Published in the May 27-June 9, 2015 issue of Morgan Hill Life

Photo courtesy Muriel Allen  Students and staff salute the flag standing in front of the Morgan Hill Elementary School  in 1931. The salute was changed after World War II  to the right hand on the heart.

Photo courtesy Muriel Allen
Students and staff salute the flag standing in front of the Morgan Hill Elementary School in 1931. The salute was changed after World War II to the right hand on the heart.

By Marty Cheek

The Morgan Hill Historical Society has a photo in its archives that always gets a double-take when a person first views it. The image shows a line-up of elementary school children in front of their school giving with extended right arms what we now consider a “Nazi salute” during their recitation of the Pledge of Allegiance to the American flag.

The photo was taken in 1931. At that time thousands of miles away from Morgan Hill in Germany, Adolf Hitler was starting his rise to dictatorial power. The same straight-arm, palm slightly up salute was adopted by the Nazi Party in the 1930s to signal obedience to Hitler. It was a mandatory salute for civilians. My mother was a child in Berlin at this time and around the same age as the children in the Morgan Hill photo. I’m sure in her kindergarten and elementary school classrooms the teachers required her to give the salute just as other children across Germany were required to do.

The Nazi salute now comes with so much political and emotional baggage that it’s a safe bet to say that you probably won’t see too many legitimate presidential candidates giving it during their campaigning for the 2016 election. A photo of, say, Hilary Clinton or Ted Cruz giving this relatively simple gesture at a political rally would no doubt go viral and shoot down all their hopes of ever getting into the White House.

Use of the salute is now a criminal offense in Germany, the Czech Republic, Austria and Slovakia. So it’s astonishing for many people to think that at one time in Morgan Hill, children were daily and innocently making this gesture to the American flag at the beginning of their school days. Perhaps one or two of the children in that photo might still be alive and living in our community. No doubt they might recall that they, their teachers and classmates, and their parents never thought that there was anything sinister about the salute.

Because of the fascist connotation brought to the salute by the Nazi Party, Americans changed the arm position to be bent with the right hand covering the heart. Daily in schools today, young children in unison make their loyalty pledge to the flag. At public meetings and community events, adults also pledge their allegiance to the flag and to the republic for which it stands.

Most people hardly consider the 31 words as they rattle them off by rote. The original pledge was composed by Baptist minister and Christian socialist Francis Bellamy in 1892 as part of a national celebration of the 400th anniversary of Christopher Columbus’s first voyage to Americas. It was formally adopted by Congress in 1942 as a World War II patriotism act. During the heat of the Sen. Joseph McCarthy witch hunts when many Americans were falsely accused of communist activities and disloyalty to the United States, Congress added in 1954 the words “under God.”

That brings us to 21st Century America – particularly a classroom at San Martin/Gwinn Environmental Sciences Academy. There, one sixth-grader got highlighted recently in a May 17 story in the San Jose Mercury News regarding the activity of saying the Pledge of Allegiance at the opening of the school day. This 11-year-old child, who will remain anonymous, decided on her own in December she would no longer recite the Pledge of Allegiance with her classmates. Only her friends and the children around her knew at first. When the teacher observed her not participating, the educator grew concerned and questioned her. The teacher also phoned the girl’s mother, asking if there might be a situation at home that led to the child’s decision.

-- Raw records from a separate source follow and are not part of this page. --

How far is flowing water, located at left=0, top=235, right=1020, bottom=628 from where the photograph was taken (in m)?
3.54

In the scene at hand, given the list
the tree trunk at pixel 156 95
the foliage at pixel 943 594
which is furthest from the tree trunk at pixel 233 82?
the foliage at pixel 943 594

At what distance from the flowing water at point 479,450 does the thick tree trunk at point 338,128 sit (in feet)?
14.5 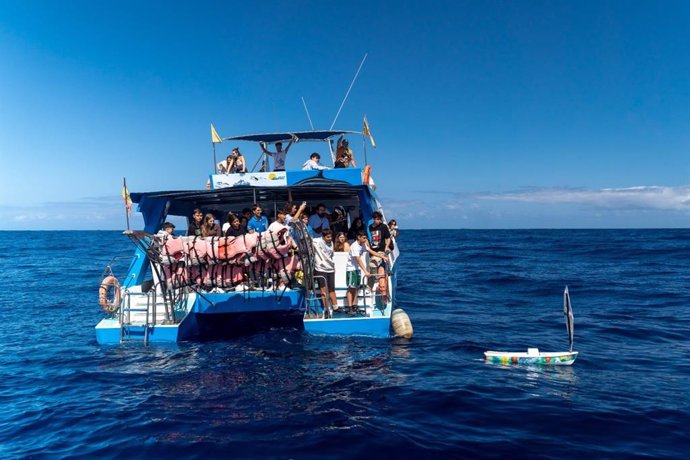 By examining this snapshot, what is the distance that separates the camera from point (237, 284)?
9.34m

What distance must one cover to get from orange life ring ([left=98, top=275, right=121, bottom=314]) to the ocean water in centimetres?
94

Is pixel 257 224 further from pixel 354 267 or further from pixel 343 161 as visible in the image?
pixel 343 161

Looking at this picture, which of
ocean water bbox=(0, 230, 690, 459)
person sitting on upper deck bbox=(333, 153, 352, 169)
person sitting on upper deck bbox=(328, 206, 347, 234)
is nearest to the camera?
ocean water bbox=(0, 230, 690, 459)

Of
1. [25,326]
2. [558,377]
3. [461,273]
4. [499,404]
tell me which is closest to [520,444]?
[499,404]

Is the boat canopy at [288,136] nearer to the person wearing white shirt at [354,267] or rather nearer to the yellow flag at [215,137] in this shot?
the yellow flag at [215,137]

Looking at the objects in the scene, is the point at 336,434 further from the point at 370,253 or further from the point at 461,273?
the point at 461,273

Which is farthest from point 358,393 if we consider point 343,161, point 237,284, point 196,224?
point 343,161

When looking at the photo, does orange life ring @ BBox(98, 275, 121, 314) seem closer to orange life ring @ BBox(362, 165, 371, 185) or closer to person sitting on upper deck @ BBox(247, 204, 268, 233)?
person sitting on upper deck @ BBox(247, 204, 268, 233)

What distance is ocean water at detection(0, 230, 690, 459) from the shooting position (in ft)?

Somehow, the situation grew far more complicated than it should have. Two other students joined the child in not saying the Pledge. The Mercury News story said that teacher told the children that reciting the Pledge was an expectation much like doing homework. Principal Claudia Olaciregui and Morgan Hill Unified School Superintendent Steve Betando received a letter from the Appignani Humanist Legal Center in Washington, D.C., warning them that the school was violating the students’ constitutional rights.

I asked Betando what happened and he said that the teacher did not demand that the child make the Pledge but was concerned that there might have been an underlying reason for this decision. In the article in the Mercury News, the girl said: “I object to saying the Pledge because I’m an atheist. I kind of feel that it divides people between people who believe in god and people who don’t.”

Betando acknowledged that the child, as does every American, has the constitutional right not to stand and recite the Pledge of Allegiance.

When we salute the flag, we are not actually saying we feel a sense of loyalty to a rectangular piece of red, white and blue cloth. The flag represents the values of the republic, including liberty and justice for all. And that includes liberty for a San Martin/Gwinn elementary school girl to choose not to salute the flag in her classroom.